Fundamental Forecast for the Australian Dollar: Neutral
- Upbeat 3Q Inflation Data May Undermine RBA Rate Cut Speculation
- Aussie Dollar to Fall in With Risk Trends After FOMC Rate Decision
- Find Key Turning Points for the Australian Dollar with DailyFX SSI
The Australian Dollar edged lower for a second week after finding resistance below the 0.74 figure against its US counterpart. Momentum has proven to be lackluster however, yielding the tamest price action in a month. Volatility looks likely to return in the week ahead however amid a steady stream of high-profile event risk of the home-grown and external varieties.
On the domestic front, speculation surrounding the likelihood of an RBA interest rate cut at next month’s policy meeting remains in focus. The priced-in likelihood of a 25 basis point reduction now stands at 48 percent, down from over 60 percent in the prior week, on the back of marginally upbeat Chinese CPI data and an unexpectedly chipper tone on display in minutes from the central bank’s October meeting.

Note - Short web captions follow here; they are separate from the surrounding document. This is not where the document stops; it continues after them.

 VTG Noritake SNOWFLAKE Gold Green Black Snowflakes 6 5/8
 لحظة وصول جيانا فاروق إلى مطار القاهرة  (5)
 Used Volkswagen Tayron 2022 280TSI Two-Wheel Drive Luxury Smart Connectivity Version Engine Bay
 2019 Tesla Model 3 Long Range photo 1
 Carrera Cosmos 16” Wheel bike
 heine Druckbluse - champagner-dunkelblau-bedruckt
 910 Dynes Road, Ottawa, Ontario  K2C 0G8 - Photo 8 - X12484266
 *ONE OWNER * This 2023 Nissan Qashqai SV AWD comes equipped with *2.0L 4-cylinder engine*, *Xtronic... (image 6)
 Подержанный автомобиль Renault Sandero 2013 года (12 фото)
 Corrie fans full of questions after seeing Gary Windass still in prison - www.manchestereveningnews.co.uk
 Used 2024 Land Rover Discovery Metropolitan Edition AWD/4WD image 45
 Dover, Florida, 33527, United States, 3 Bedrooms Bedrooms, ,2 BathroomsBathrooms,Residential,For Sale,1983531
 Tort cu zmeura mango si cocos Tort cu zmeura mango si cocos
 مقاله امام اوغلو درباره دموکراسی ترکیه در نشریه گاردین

Third-quarter CPI figures will next inform the debate. The benchmark year-on-year inflation rate is expected to tick higher to 1.7 percent, marking the second consecutive acceleration and highest reading yet in 2015. Leading survey data and private-sector estimates suggest higher input costs and a broadly weaker Aussie Dollar have all put upward pressure on prices, bolstering the case for a firmer reading. Such a result may further undermine bets on imminent stimulus expansion, nudging the currency upward.
Follow-through on internally-driven moves may be hard to come by however as traders look outward for the week’s most potent catalyst, the FOMC policy announcement. The Fed’s rate-setting committee convenes as the gap between official prognostication and that of the markets grows wider. Most officials have continued to express a preference for raising rates in 2015 while investors have pushed out their bets further into the future, expecting “liftoff” no sooner than March 2016.
Chair Janet Yellen and company are unlikely to alter the policy mix next week. Indeed, an about-face reversal from the timid posture on display after September’s meeting is likely to send markets into a tailspin, an outcome the Fed was almost certainly trying to avoid by delaying tightening in the first place. If tightening in 2015 is truly on the agenda however, the central bank will have to set the rhetorical foundation for a December move.
Hawkish commentary will clash with market expectations and force a readjustment, probably weighing on risk appetite and punishing the sentiment-sensitive Australian unit. A dovish lean is likely to yield the opposite result, though follow-on momentum may be capped considering this would amount to convergence with an already priced-in outlook.